Exercise details:
Copy out the complete listing, word for word.

Records shown:
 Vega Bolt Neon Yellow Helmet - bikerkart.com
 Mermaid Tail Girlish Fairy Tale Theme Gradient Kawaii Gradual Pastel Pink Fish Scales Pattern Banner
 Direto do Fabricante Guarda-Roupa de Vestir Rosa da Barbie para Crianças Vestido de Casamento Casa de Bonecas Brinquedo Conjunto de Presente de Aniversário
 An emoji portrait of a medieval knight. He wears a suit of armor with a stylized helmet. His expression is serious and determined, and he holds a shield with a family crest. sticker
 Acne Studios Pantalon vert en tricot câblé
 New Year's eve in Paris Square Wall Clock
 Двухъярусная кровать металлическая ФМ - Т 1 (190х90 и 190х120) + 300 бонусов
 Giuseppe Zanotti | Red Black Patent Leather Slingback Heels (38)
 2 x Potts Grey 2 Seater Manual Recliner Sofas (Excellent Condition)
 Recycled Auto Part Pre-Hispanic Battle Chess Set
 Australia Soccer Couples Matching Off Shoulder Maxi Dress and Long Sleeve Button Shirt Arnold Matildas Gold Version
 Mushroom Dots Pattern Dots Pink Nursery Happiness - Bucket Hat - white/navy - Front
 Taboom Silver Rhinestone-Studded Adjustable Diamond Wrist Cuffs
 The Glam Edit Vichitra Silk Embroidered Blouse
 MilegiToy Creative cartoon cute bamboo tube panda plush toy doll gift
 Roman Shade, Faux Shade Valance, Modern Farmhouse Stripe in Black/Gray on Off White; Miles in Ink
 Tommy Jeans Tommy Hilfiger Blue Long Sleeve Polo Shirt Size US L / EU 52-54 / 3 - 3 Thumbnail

Exercise solution:
 Vega Bolt Neon Yellow Helmet - bikerkart.com
 Mermaid Tail Girlish Fairy Tale Theme Gradient Kawaii Gradual Pastel Pink Fish Scales Pattern Banner
 Direto do Fabricante Guarda-Roupa de Vestir Rosa da Barbie para Crianças Vestido de Casamento Casa de Bonecas Brinquedo Conjunto de Presente de Aniversário
 An emoji portrait of a medieval knight. He wears a suit of armor with a stylized helmet. His expression is serious and determined, and he holds a shield with a family crest. sticker
 Acne Studios Pantalon vert en tricot câblé
 New Year's eve in Paris Square Wall Clock
 Двухъярусная кровать металлическая ФМ - Т 1 (190х90 и 190х120) + 300 бонусов
 Giuseppe Zanotti | Red Black Patent Leather Slingback Heels (38)
 2 x Potts Grey 2 Seater Manual Recliner Sofas (Excellent Condition)
 Recycled Auto Part Pre-Hispanic Battle Chess Set
 Australia Soccer Couples Matching Off Shoulder Maxi Dress and Long Sleeve Button Shirt Arnold Matildas Gold Version
 Mushroom Dots Pattern Dots Pink Nursery Happiness - Bucket Hat - white/navy - Front
 Taboom Silver Rhinestone-Studded Adjustable Diamond Wrist Cuffs
 The Glam Edit Vichitra Silk Embroidered Blouse
 MilegiToy Creative cartoon cute bamboo tube panda plush toy doll gift
 Roman Shade, Faux Shade Valance, Modern Farmhouse Stripe in Black/Gray on Off White; Miles in Ink
 Tommy Jeans Tommy Hilfiger Blue Long Sleeve Polo Shirt Size US L / EU 52-54 / 3 - 3 Thumbnail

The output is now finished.